IRS Charges Crypto Trader for Not Reporting Gains in Enforcement Push

Taxpayers are obligated to report all cryptocurrency income they made when filing tax returns.
IRS Charges Crypto Trader for Not Reporting Gains in Enforcement Push
The Internal Revenue Service (IRS) building in Washington, on Jan. 4, 2024. (Madalina Vasiliu/The Epoch Times)
Naveen Athrappully
3/15/2024
Updated:
3/15/2024

The Internal Revenue Service (IRS) has charged an individual for underreporting as well as failing to report his cryptocurrency transactions, the first time the agency has taken legal action on such matters.

On Feb. 6, a federal grand jury indicted a Texas man with filing false tax returns that failed to report his cryptocurrency transactions. In 2017, Frank Richard Ahlgren III from Austin, Texas, sold $3.7 million worth of Bitcoin to buy a residence. In his 2017 tax return, Mr. Ahlgren allegedly inflated the price he paid for Bitcoin, thus underreporting his gain from the sale. In 2018 and 2019, he sold more than $650,000 worth of Bitcoin and allegedly failed to report the transaction in his tax returns. He faces a prison term of up to five years for each count.
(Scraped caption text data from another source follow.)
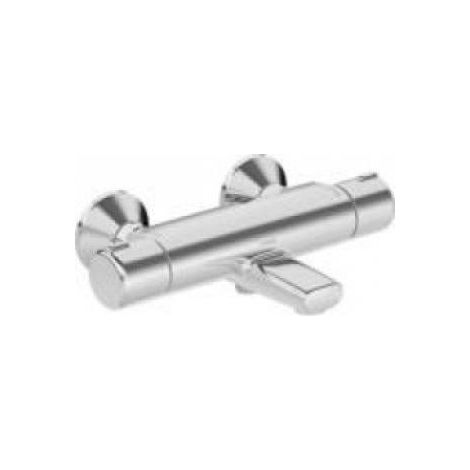 Hansa Micra - Mitigeur thermostatique de baignoire mural, chrome 58162171 (1/5)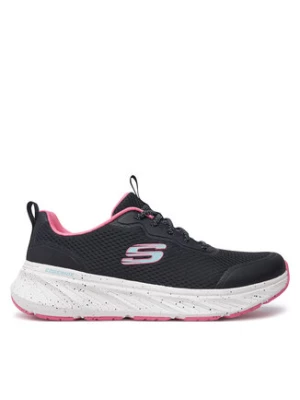 Skechers Sneakersy 150472/BKPK Czarny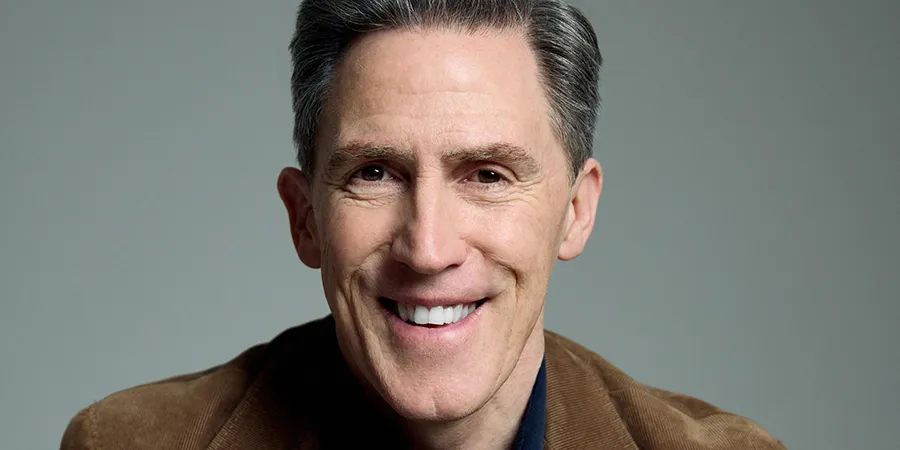 Rob Brydon. Credit: Sophia Spring Rob Brydon. Credit: Sophia Spring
This is the first time that someone was charged “solely for failing to report or underreporting cryptocurrency earnings and gains on their tax return,” the IRS told Bloomberg. The indictment acts as a warning to crypto users—failure to pay tax on digital asset transactions will face the risk of IRS charges.
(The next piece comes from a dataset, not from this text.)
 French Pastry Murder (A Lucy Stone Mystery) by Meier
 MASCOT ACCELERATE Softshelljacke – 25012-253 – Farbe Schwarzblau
Shehan Chandrasekera, head of Tax Strategy at CoinTracker, noted that many individuals have a misconception that crypto transactions are “anonymous” and the government is unable to track such transactions.
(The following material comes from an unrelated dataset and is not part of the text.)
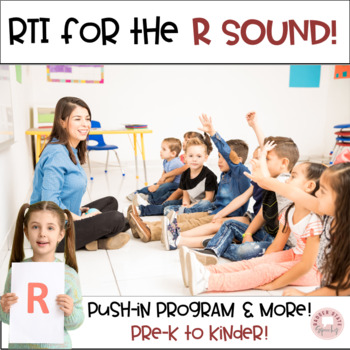 Preview of Initial Prevocalic R Sound RTI Articulation Push in Lesson Home Program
The IRS can track crypto transactions via third-party reporting like crypto exchanges as well as by analyzing blockchain—the public ledger which holds records of such transactions.

All taxpayers are required to report any sale proceeds and gains or losses from the sale of cryptocurrencies on their tax returns. In January, the IRS reminded taxpayers that they must report all digital asset incomes they made last year when filing tax returns.

On the tax forms, citizens are asked the following question: “At any time during 2023, did you: (a) receive (as a reward, award, or payment for property or services); or (b) sell, exchange, or otherwise dispose of a digital asset (or a financial interest in a digital asset)?”

All taxpayers filing forms 1040, 1040-SR, 1040-NR, 1041, 1065, 1120, 1120, and 1120S must answer the question regardless of whether or not they conducted digital asset transactions.

Talking about Mr. Ahlgren’s case in a LinkedIn post, Don Fort, the former chief of the IRS’s Criminal Investigation division, pointed out that “it seems most of the crypto cases in the past few years have been focused on money-laundering cases or illegal source tax cases.”

However, Mr. Ahlgren’s indictment was a “big day as we seem to have crossed the line to legal source tax cases,” he wrote. “While the #IRS continues to debate thresholds and reporting requirements for crypto, one thing not up for debate is the requirement to report capital gains.”

Lisa Zarlenga, a partner at law firm Steptoe & Johnson, said she was “pretty sure” IRS’s case against Mr. Ahlgren will be “the first of a string” of similar cases. “They’re still convinced there’s a ton of underreporting going on. I doubt this will be the last time,” she said.

Cracking Down on Crypto

Late last month, the IRS announced it was adding two private-sector experts “to help the agency’s efforts in the cryptocurrency and other digital assets arena … The pair, who have extensive experience in the tax and crypto industries, will help lead IRS efforts building service, reporting, compliance, and enforcement programs focused on digital assets.”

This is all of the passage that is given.